アルバルク東京:ペースアップとスモールラインナップの試行
アルバルク東京のデイニアス・アドマイティスHCは、長崎のディフェンスの激しさを認めつつ、今日の試合を全体的に良いゲームだったと総括。前半のミス(レイアップ、フリースロー)から、第3クォーターでディフェンスを強化して流れを変えることに成功し、イージーバスケットやアシストからのオープンシュートを多数生み出せたと分析した。
ビッグマン故障への対応
ブランドン・デイビス選手とライアン・ロシター選手というビッグマン2名が故障している状況を受け、HCは開幕に向けてスタイルをアジャストする必要があると明言。プレシーズンでは、ザック選手が4番(PF)ポジションを担うスモールラインナップを試している。シュート力があり、状況判断に優れた選手を活用し、この難しい状況を乗り切りたいとの考えを示した。
新しいオフェンススタイルと3Pへの意識
今季のスタイルは、昨季以上にペースアップした早い展開を狙う。スペーシングは4アウトまたは5アウト(全員が外)を基本とし、ライアン・ロシター選手復帰後も4アウト1インの配置で攻めていく。ポイントガード陣がプッシュし、マーカス、安藤、福澤といったシューティングガードを活かして、速い展開で得点を狙う。この展開を実現するためにも、まずはディフェンスからしっかりとプレイすることを最重要視する。
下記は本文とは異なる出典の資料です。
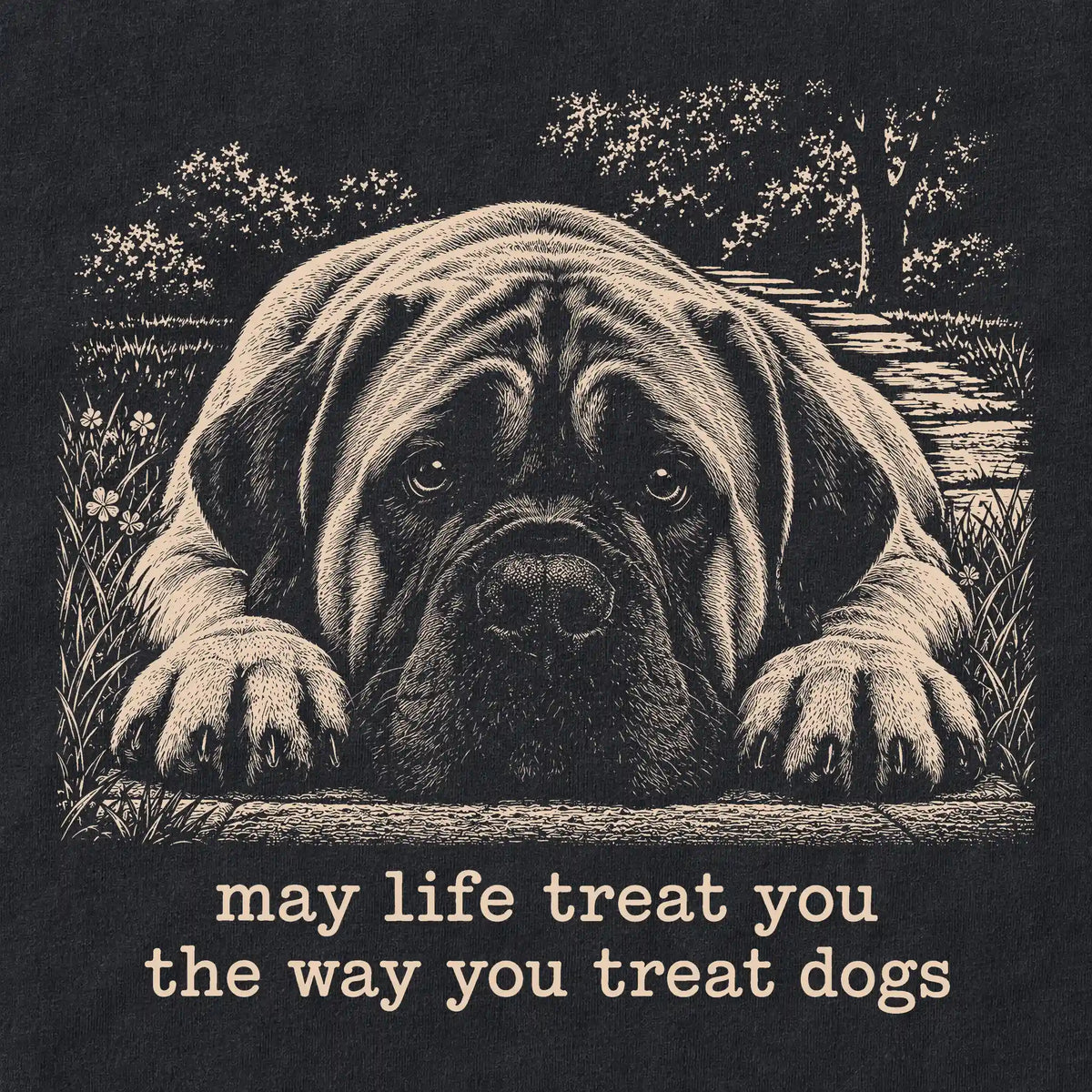 Mastiff Karma Softstyle T-shirt in Black — Design Detail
また、チーム全体でスリーポイントシュートの成功率(本日39.1%)を意識しており、ビッグマン陣(デイビス、ロシター、サイズ)もアウトサイドシュートが可能である。特に、マーカス選手を中心にウイング陣がスリーポイントの確率を上げていくことを期待する。マーカス選手は自身でクリエイトもでき、パスも捌けるため、ワイドオープンなシュートチャンスが増加すると予測した。
トヨタアリーナ東京(TAT)への感謝
HCは、ホームアリーナであるトヨタアリーナ東京(TAT)を「素晴らしいアリーナ」だとし、感謝の意を表明。「ここが我々のホームだ」という感覚があり、素晴らしいファンのサポートがある。ロッカー、ウェイトルーム、練習設備など、全てが整っている。選手が長丁場のシーズンを通じて体を休めるのに最適な環境で、結果で答えていきたいと締めた。